<オリックス4-3ソフトバンク>◇30日◇京セラドーム大阪

 勝利を呼び込む弾丸アーチだった。同点で迎えた6回。オリックス、アーロム・バルディリス内野手(30)がカウント3-1からスライダーを強振。打球は一直線で左翼フェンスを越えた。13号ソロで、4位ソフトバンクに0・5ゲーム差に迫った。「あのカウントで直球は投げづらいという読みがあった。ミーティングでも配球を研究しているから」。冷静に振り返った。

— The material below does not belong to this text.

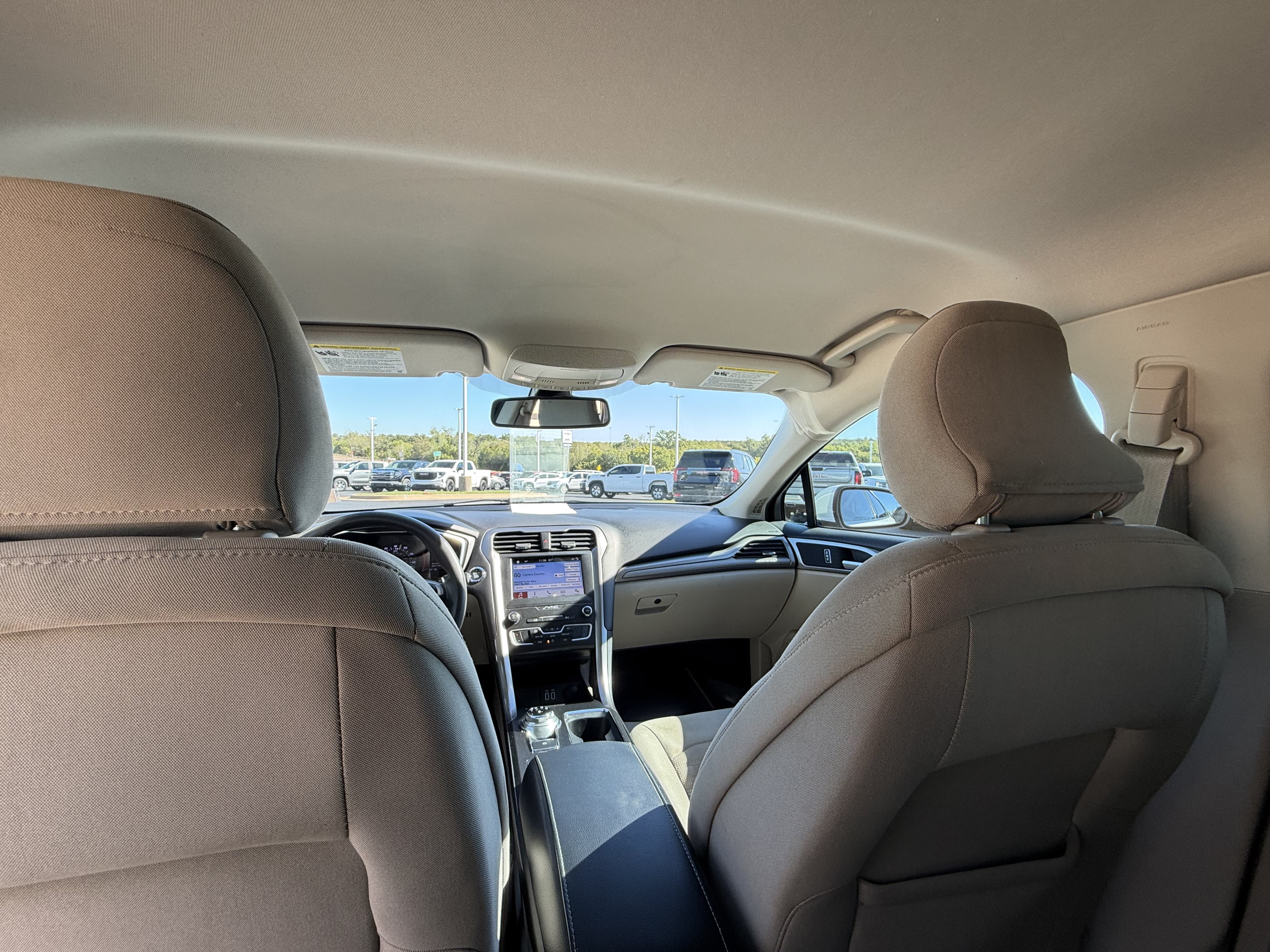 Used 2019 Ford Fusion SE FWD image 12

 来日6年目。自己最高の年になるのは確実だ。目を見張るのは、勝負強さ。後半戦6試合のうち、4試合で打点を挙げた。通算64打点はトップの西武浅村に1点差。タイトル獲得ならば、育成選手出身では初。快挙の可能性を感じさせる活躍だ。「毎日、練習の中で準備してやっている。いい感じで振れている」。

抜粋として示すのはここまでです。